JAKARTA, Indonesia (AP) — Sebastian Coe wants to see a "full house" of countries competing at the track and field world championships in Qatar next year, and that includes Russia.

The international track and field federation president was in Jakarta on Sunday for the Asian Games, where he was asked about political tension in the Gulf since a Saudi-led economic blockade of Qatar and the potential absence of Russian athletes affecting the 2019 competition in Doha.

"We will be in Qatar. I want every federation to be there," Coe said in an interview with international news agencies. "I see no reason why federations shouldn't.

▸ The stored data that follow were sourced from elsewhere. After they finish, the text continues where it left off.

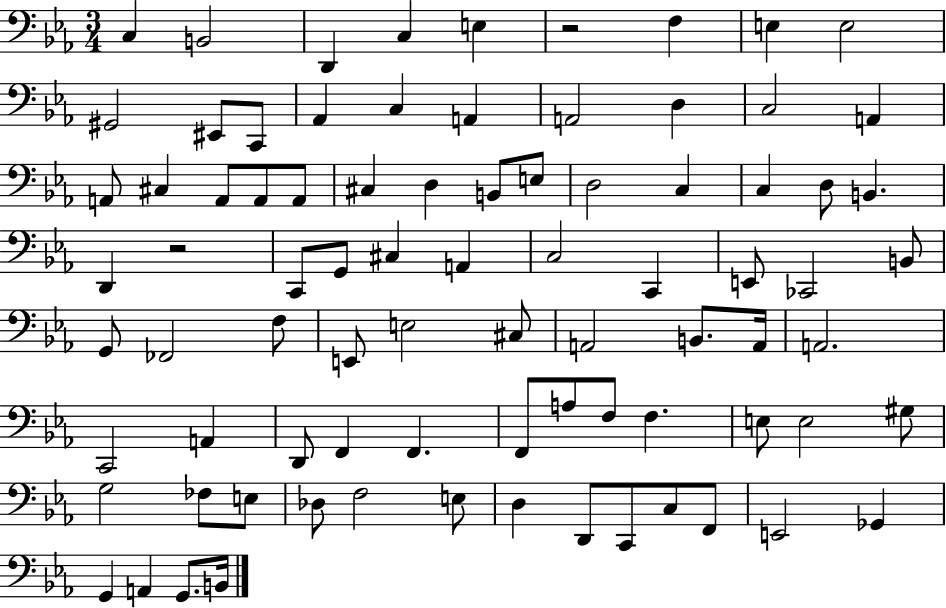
X:1
T:Untitled
M:3/4
L:1/4
K:Eb
C, B,,2 D,, C, E, z2 F, E, E,2 ^G,,2 ^E,,/2 C,,/2 _A,, C, A,, A,,2 D, C,2 A,, A,,/2 ^C, A,,/2 A,,/2 A,,/2 ^C, D, B,,/2 E,/2 D,2 C, C, D,/2 B,, D,, z2 C,,/2 G,,/2 ^C, A,, C,2 C,, E,,/2 _C,,2 B,,/2 G,,/2 _F,,2 F,/2 E,,/2 E,2 ^C,/2 A,,2 B,,/2 A,,/4 A,,2 C,,2 A,, D,,/2 F,, F,, F,,/2 A,/2 F,/2 F, E,/2 E,2 ^G,/2 G,2 _F,/2 E,/2 _D,/2 F,2 E,/2 D, D,,/2 C,,/2 C,/2 F,,/2 E,,2 _G,, G,, A,, G,,/2 B,,/4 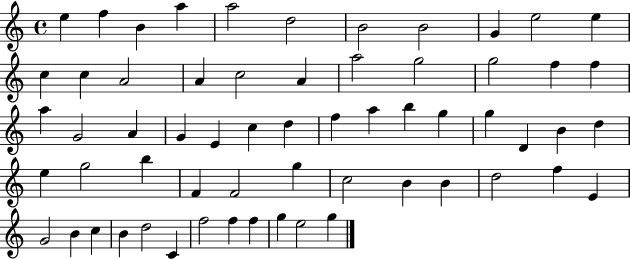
E5/q F5/q B4/q A5/q A5/h D5/h B4/h B4/h G4/q E5/h E5/q C5/q C5/q A4/h A4/q C5/h A4/q A5/h G5/h G5/h F5/q F5/q A5/q G4/h A4/q G4/q E4/q C5/q D5/q F5/q A5/q B5/q G5/q G5/q D4/q B4/q D5/q E5/q G5/h B5/q F4/q F4/h G5/q C5/h B4/q B4/q D5/h F5/q E4/q G4/h B4/q C5/q B4/q D5/h C4/q F5/h F5/q F5/q G5/q E5/h G5/q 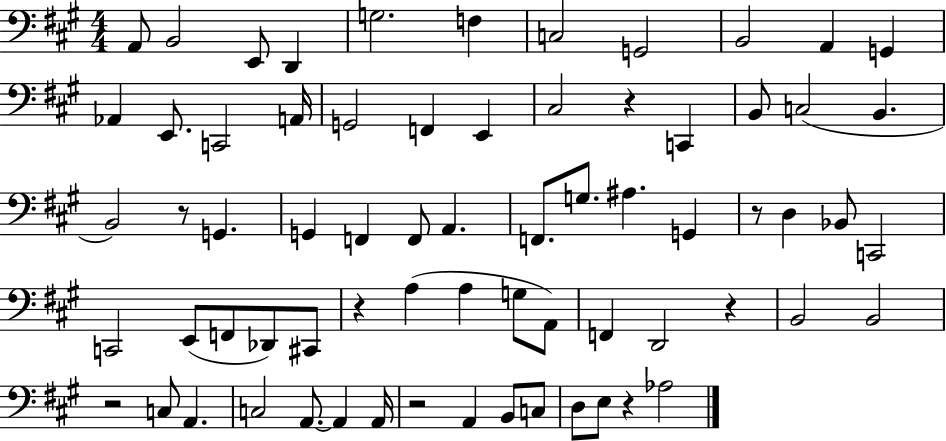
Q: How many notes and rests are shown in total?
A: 69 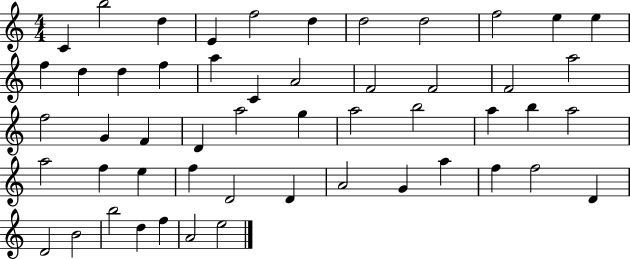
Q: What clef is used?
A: treble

"It's very important that international sport maintains its primacy — picking your partnerships around politics can be a pretty transient process if you're not careful. I'm confident we'll have a full house in Qatar."

The IAAF last month said that Russia could be provisionally reinstated to international track and field competition in December if it meets certain conditions, ending a suspension that started in November 2015 after a World Anti-Doping Agency report detailed widespread, state-sponsored doping in the sport.

IAAF's Russia task force head Rune Andersen said the Russians were making strides in meeting the outstanding requirements and, in some cases, had "gone above and beyond what is required."

The three conditions that have to be met before Russia can be readmitted to international competition include payment for costs incurred by the IAAF as a result of the scandal, the reinstatement of the Russian Anti-Doping Agency, and for the government to allow access to data from doping tests conducted at RUSADA's Moscow laboratory from 2011-15.

Coe said Andersen's taskforce was waiting for WADA to determine the compliance of the Moscow lab and would report back in November.

The two-time Olympic champion said he was confident in the progress and "I'm grateful to the Russian federation for re-engineering itself."

"The twin challenge is not just to create a system that gets us through the initial difficulty," he said, referring to the fight against doping more broadly. "It's also to have a system that creates and embeds change. It's not just about Russia."